And let me just give you a few examples of that. I had mentioned APEC, which last year was under the baton – Japan had the leadership of APEC last year. And we made the case that really to have an agenda that was focused on growing the 21 economies of the Asia Pacific region that did not focus on the role women could be playing in this dynamic region in making growth that much more – increasing it that much more seemed to be a major omission of APEC’s focus. And the Japanese adopted, in concert with the 20 other economies, adopted a first ever discussion of this topic on their – under their leadership. And then coming to the United States this year, it was elevated to a very high-level ministerial and high-level private sector participation forum. And in the Summit on the Economy that took place here, there was an adoption of the San Francisco Declaration, which focused on these issues, as I’ve just described them, and raised four areas of concerted effort, sharing of best practices, collaborative work and work within countries, addressing particularly women’s access to finance, to training, to markets, and then focusing on the whole area of leadership. Now that declaration is going to Hawaii and will be before the leaders when they gather in the APEC Summit next month.
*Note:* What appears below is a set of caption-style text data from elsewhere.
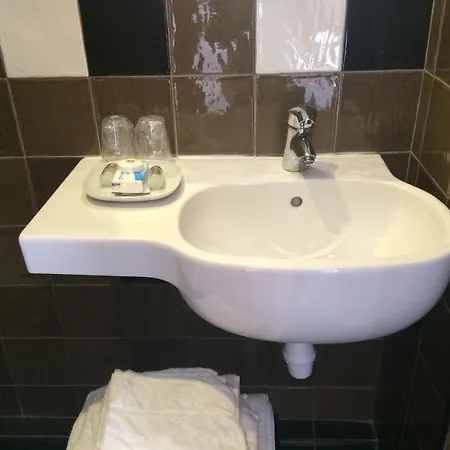 Monte-carlo מלון פריז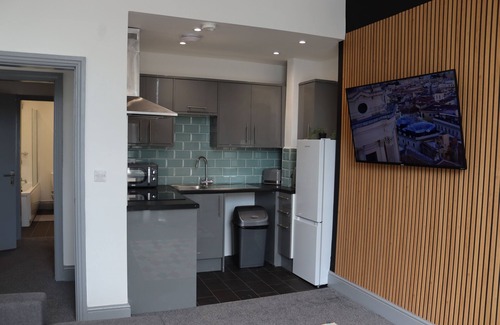 Waterloo Apartment | Modern Seaside Apartment near Crosby Beach & LFC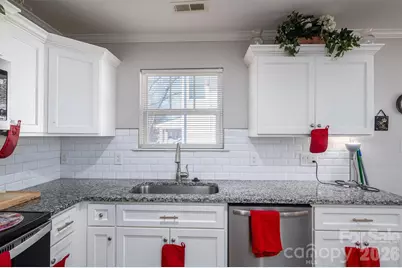 505 E Cloninger Street, Dallas, NC 28034 - Photo 11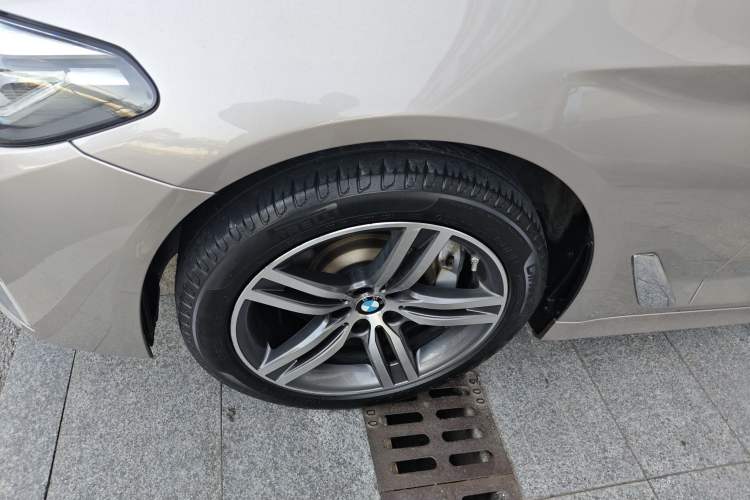 Used BMW 5 Series 2022 Updated 530Li Leading Edition Luxury Package
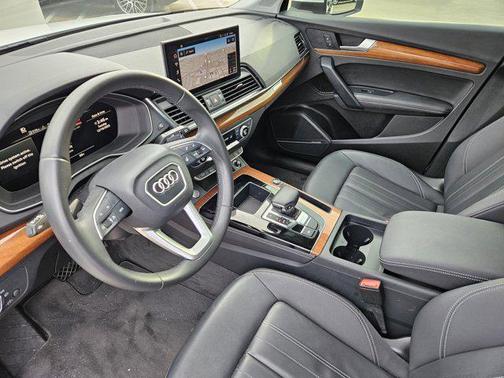 2023 Audi Q5 45 S line Premium Plus
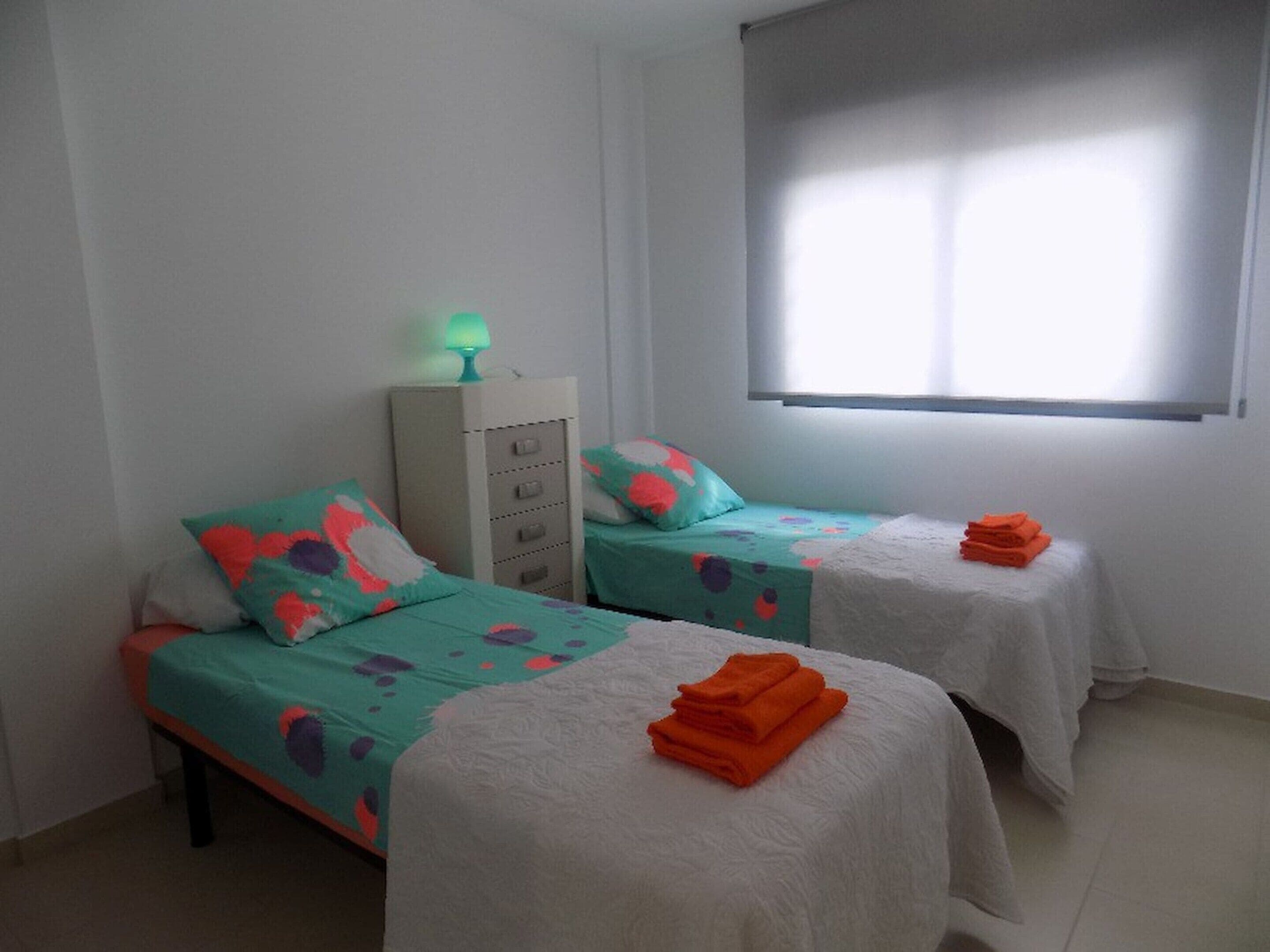 2 habitaciones y tabla de planchar con plancha 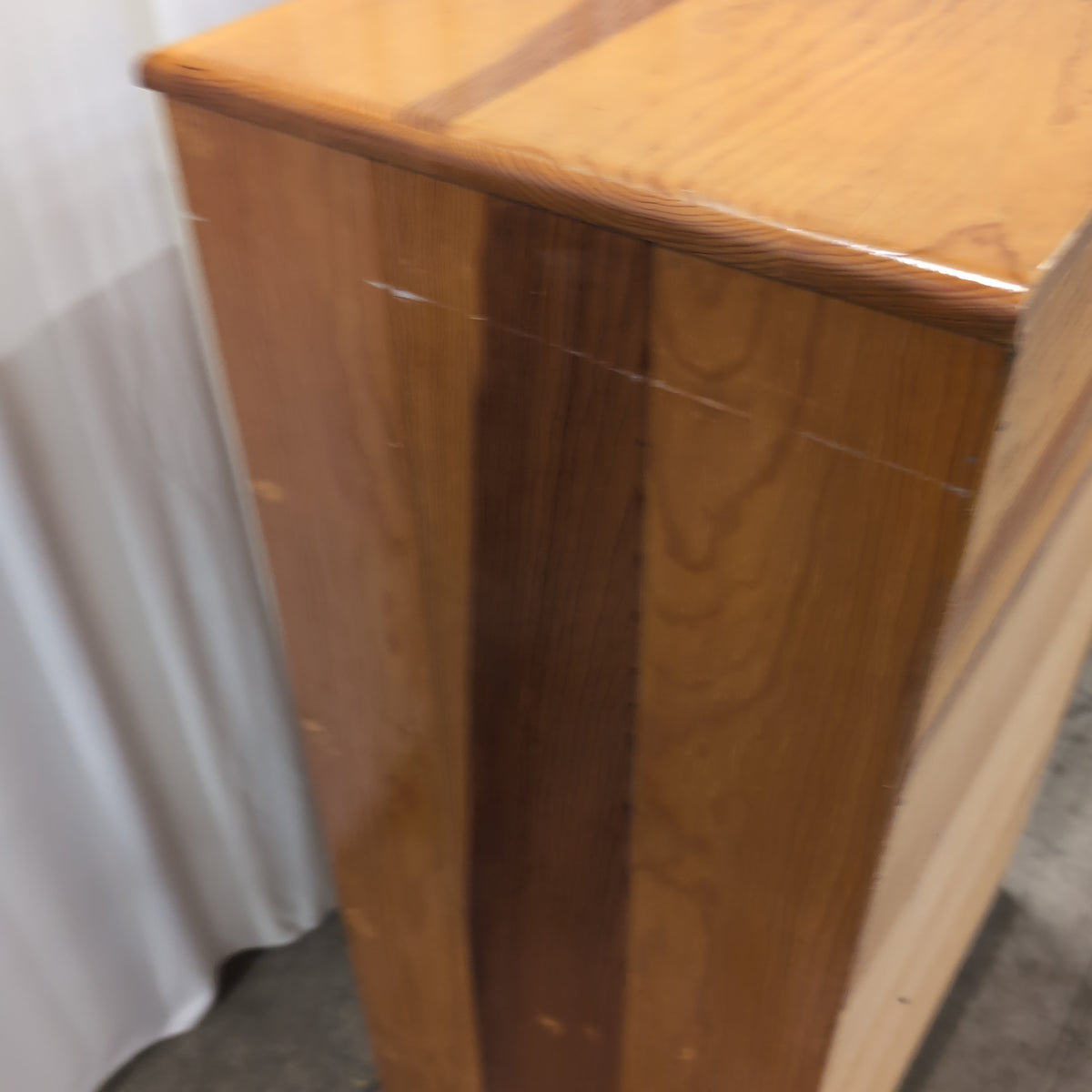 Traditional Six-Drawer Wood Dresser in Pine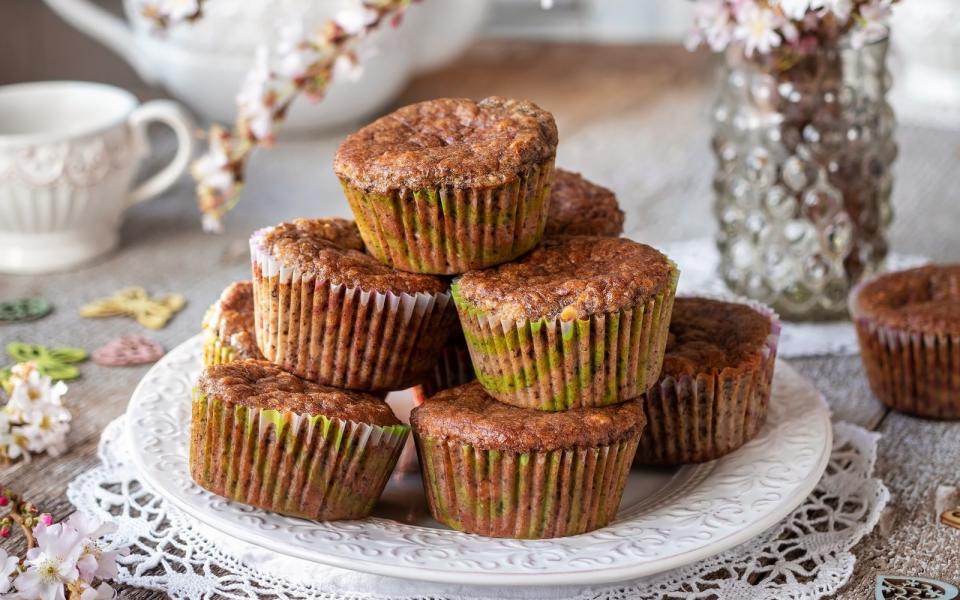 Das soll nicht zwangsläufig in ein trostloses Dasein ohne Knabbereien und Naschereien führen. Es gibt zahlreiche Paleo-Rezepte für Snacks und süßes Gebäck, nur eben ohne Mehl, Zucker, Butter und andere nach dieser Ernährungsweise verpönte Zusatzstoffe. Backen funktioniert auch mit gemahlenen Nüssen, Kokosöl und Honig. (Bild: iStock/Madeleine_Steinbach)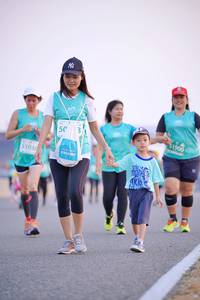 BIB: 1900, 5103
                            <button type="button" onclick="openModal(10535370)" class="btn btn-primary btn-sm float-right btn-popup" data-toggle="modal" data-target=".modal-high-quality">
                        <i class="fas fa-shopping-cart"></i> Add to Cart
                    </button>
                                            <button type="button" onclick="isThisMe(10535370, true)" class="btn btn-success btn-sm float-right btn-popup btn-isme hidden" data-toggle="tooltip" data-placement="bottom" title="นี่คือรูปของคุณใช่ไหม คลิกที่นี่เพื่อเอาเข้าอัลบั้ม">
                        <i class="fas fa-plus"></i> Add to album
                    </button>
                    <button type="button" onclick="isThisMe(10535370, false)" class="btn btn-warning btn-sm float-right btn-popup btn-isnotme hidden">
                        <i class="fas fa-ban"></i> Remove from album
                    </button>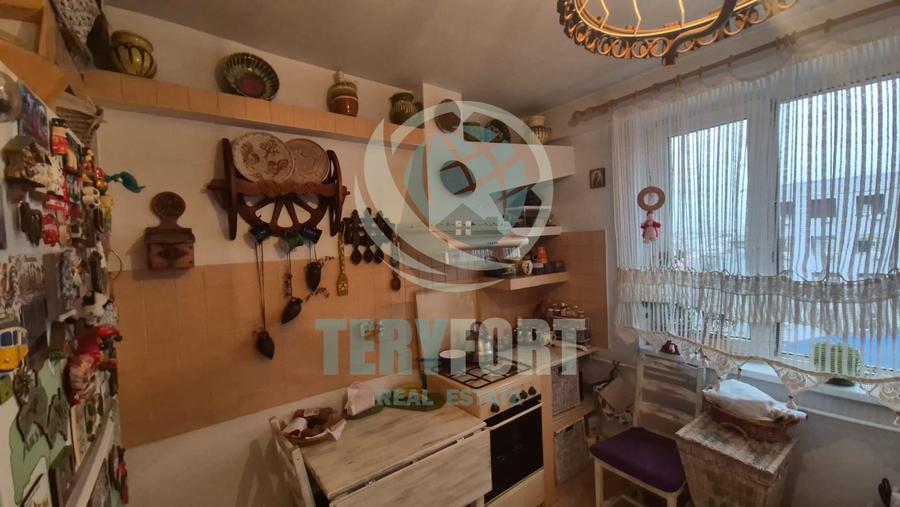 Apartament cu 3 camere semidecomandat, mobilat în Ștefan cel Mare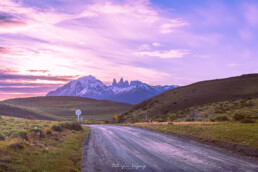 monta&ntilde;a, torres del paine, atardecer, camino, pradera, vegetacion, nubes blancas.
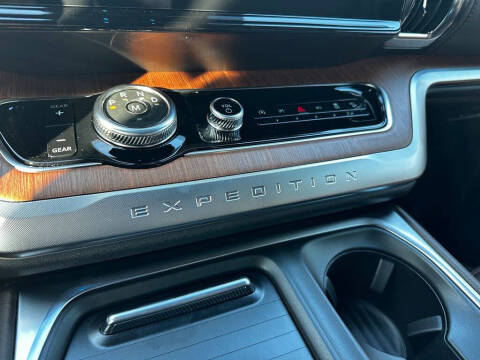 2025 Ford Expedition MAX King Ranch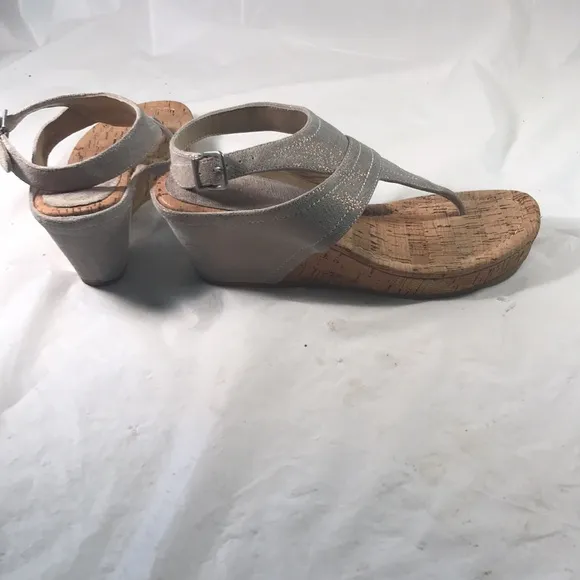 Donald Pliner Gilee Women’s Metallic Gray Suede Thong Cork Wedges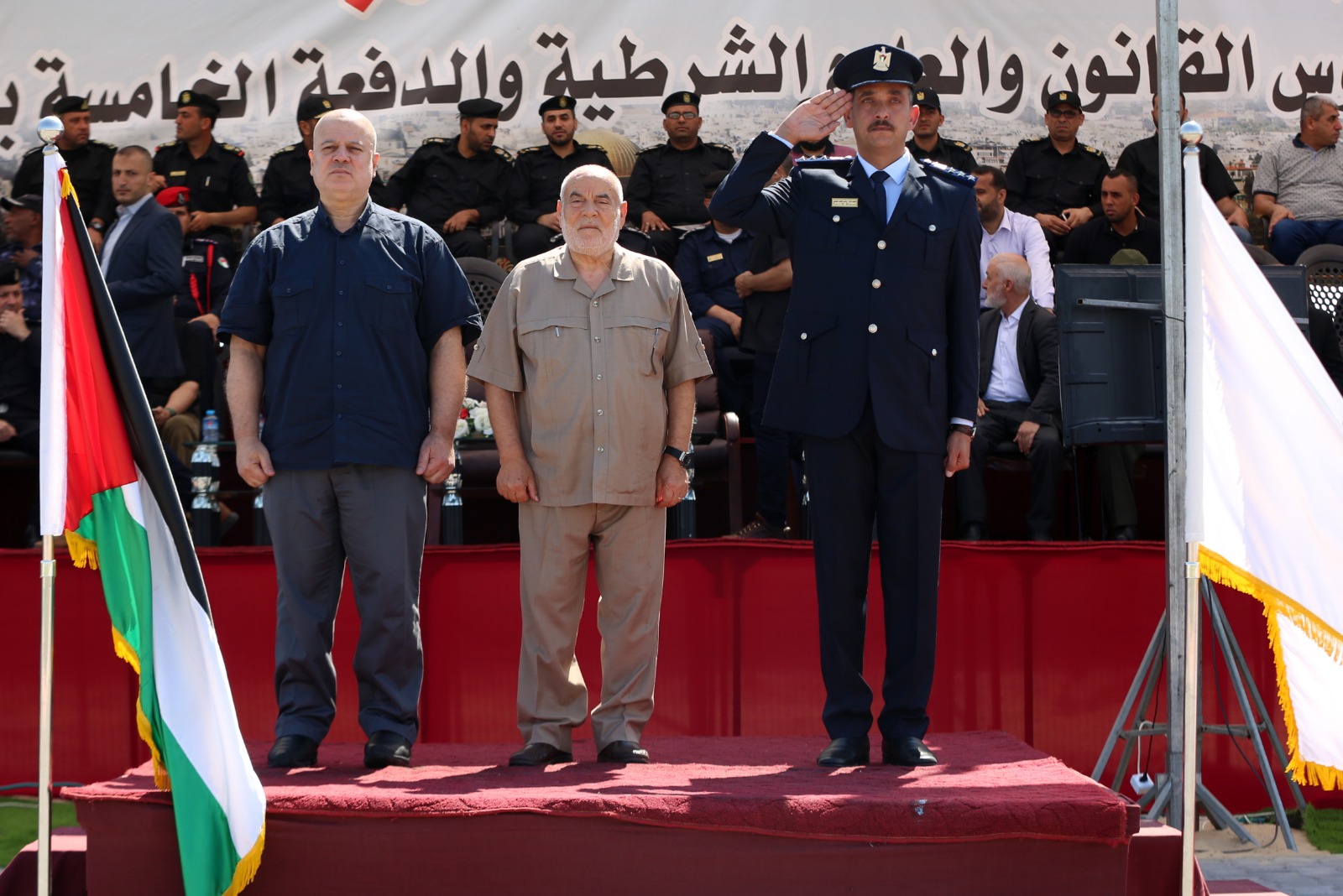 كلية الرباط الجامعية تخرج دفعتي العلوم الشرطية الـ 10 و"البحرية الـ 5"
Additionally, we have focused on Africa with the Africa Women’s Entrepreneurship Program. We have an agreement with many of the African countries called the Africa Growth Opportunity Act, which is a trade agreement that we found women rarely access. And this is not just true of Africa. Women don’t, for the most part, know how to access beneficial trade agreements that could help them grow their businesses. And so this a real effort to enable them to be more export-ready. We will be doing the same thing – started a program in South America called Pathways to Prosperity to work with women in that region.
In addition to Invest for the Future, we are also working in the OECD, which is probably one of the most preeminent platform for the collection of data and studies that give us a very good picture of what is happening on economic issues in the countries in which OECD works. And this past May, at a ministerial at the OECD, Secretary Clinton was in the chair, and at that time the OECD adopted a gender initiative focused on the three Es: education, employment, and entrepreneurship. Because it’s very clear that without sound data, without benchmarks, without indicators, we can’t understand the whole picture of what is happening in these areas, let alone measure ourselves at where we are and where we need to get and the steps that are being taken. So OECD has now embarked on this major gender institute – initiative.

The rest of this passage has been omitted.